Westland’s meticulously-sourced sherry casks are shipped whole (rather than broken down into staves and re-coopered, which is how most whisky producers handle them) to the States and then filled with the same five-malt new make as the American Oak release. The distillery uses both ex-Oloroso and ex-PX sherry casks, and blends the resulting full-term sherry-matured malt whiskey with the Westland whiskey aged in new American oak. This is similar to the now-widespread trend in Scotland of “double cask” products. Like the American Oak, the Sherry Wood release is aged a minimum of 3 years and bottled at 46% ABV without chill-filtration or added coloring.
Nose: Straightforward sherry notes – fig, plum/prune, date, and balsamic vinegar (including a slight tart note) – but on the dry side. Underneath, mild oak with a bit of nuttiness. A rest in the glass adds some dried cranberries and the whole thing becomes a tad sweeter (added caramel).
Palate: Heavy body, almost viscous. Chocolate-covered cherries (dark ones) up front, with a moderate tongue burn. Roasted coffee beans, cocoa nibs, and a reprise of the dark dried fruit notes from the aroma. Underneath, the mild oak continues to support.
Finish: Medium-short. Drying – with a lot of dusty cocoa and fruit leather. The fruit and chocolate notes fade quicker than I expected, leaving just oak sawdust and mouth-drying (but not bitter!) tannins.

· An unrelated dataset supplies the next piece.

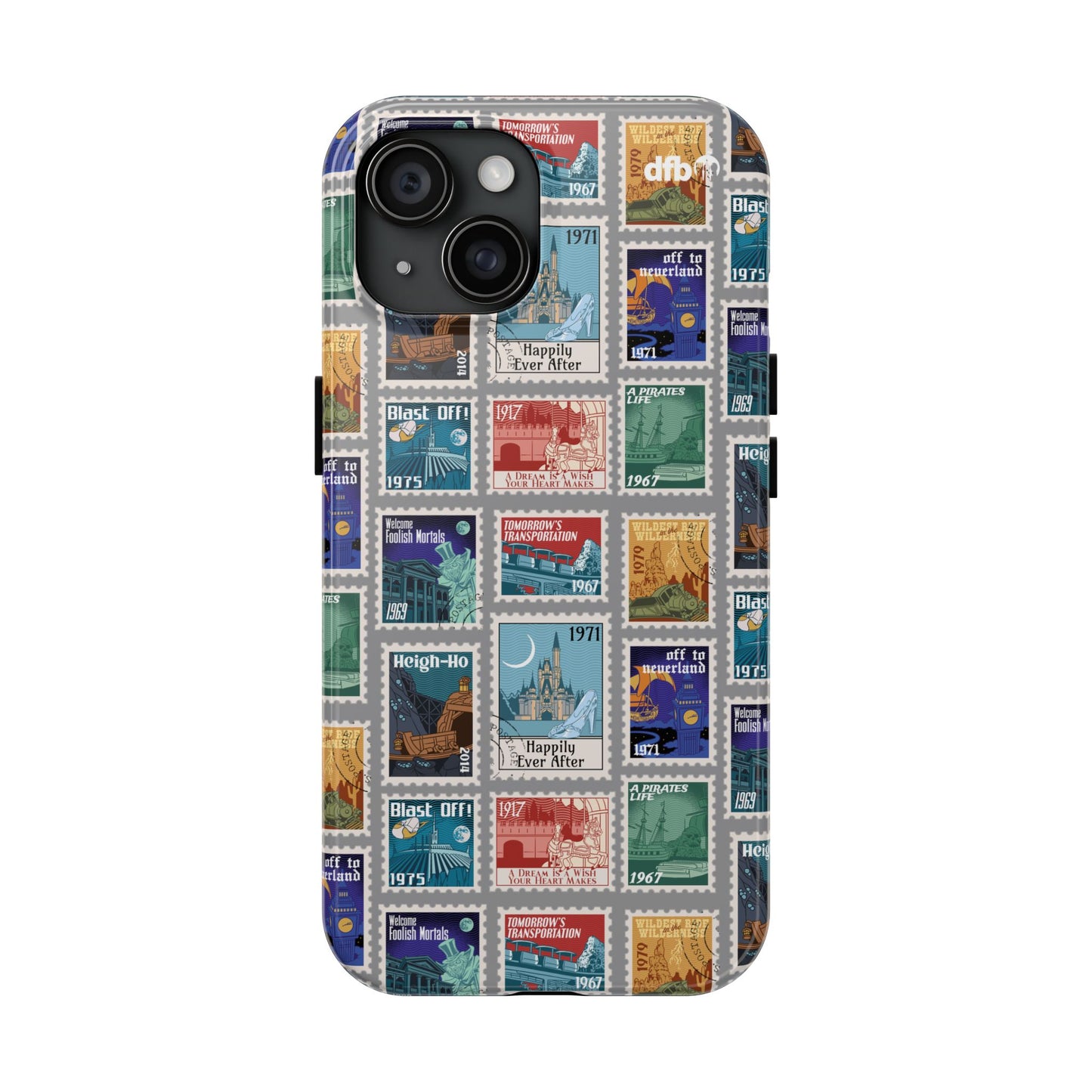 Magic Kingdom Vintage Stamps - Apple Phone Case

With Water: A few drops of water amp up that tart note (increasing the impression of balsamic vinegar) but cover up some of the dried fruit. The palate also seems more tart, with less chocolate. I suggest skipping the water – 46% ABV is just right.
Overall: Westland’s malt is so good that the coating of sherry almost seems like unnecessary window dressing. The classic Westland coffee-and-chocolate notes are present in abundance, and although the sherry notes pair well with them (chocolate-covered cherries yes please), they feel like a layer on top rather than integrated into the whole. This is nit-picking; It’s tasty stuff, but don’t pass over the Westland American Oak just because this one has sherry notes too.